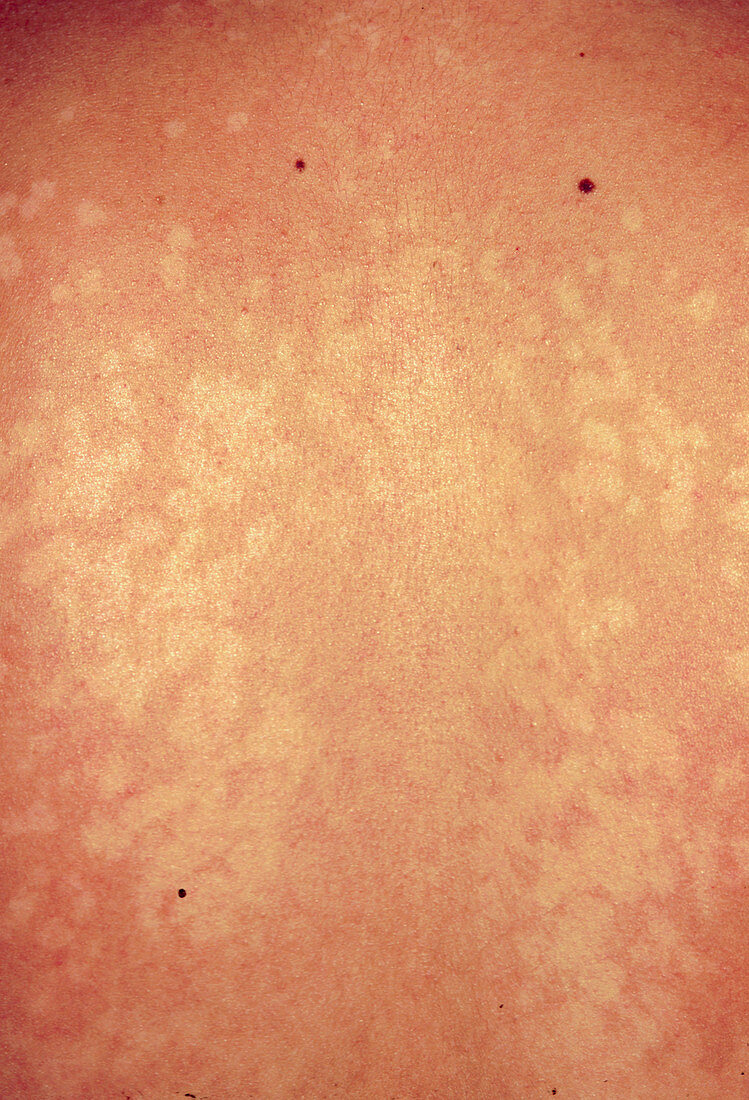 Pityriasis versicolor causing light skin patches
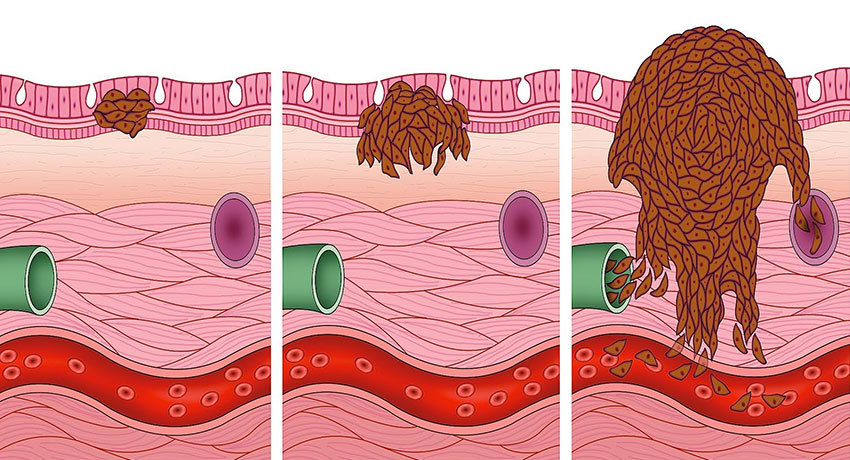 Признаки рака кожи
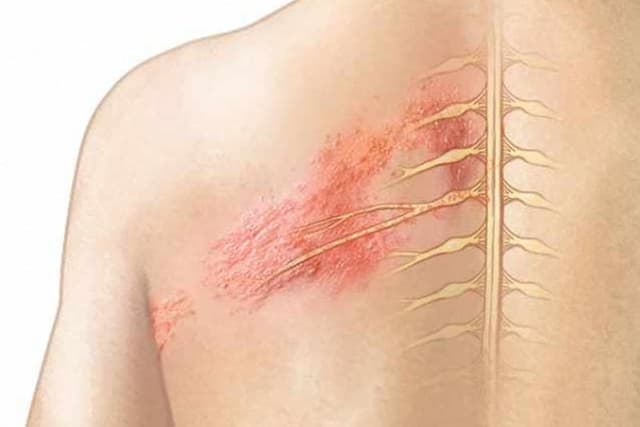 Bệnh zona thần kinh có lây không?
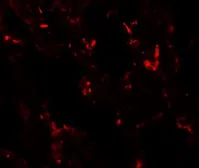 Anti-NKX2.1 antibody used in IHC (Paraffin sections) (IHC-P). GTX31847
----------
▶ _What the task asks_
Retype all the data exactly. Omit pictures.

▶ _Written response_
 Pityriasis versicolor causing light skin patches
 Признаки рака кожи
 Bệnh zona thần kinh có lây không?
 Anti-NKX2.1 antibody used in IHC (Paraffin sections) (IHC-P). GTX31847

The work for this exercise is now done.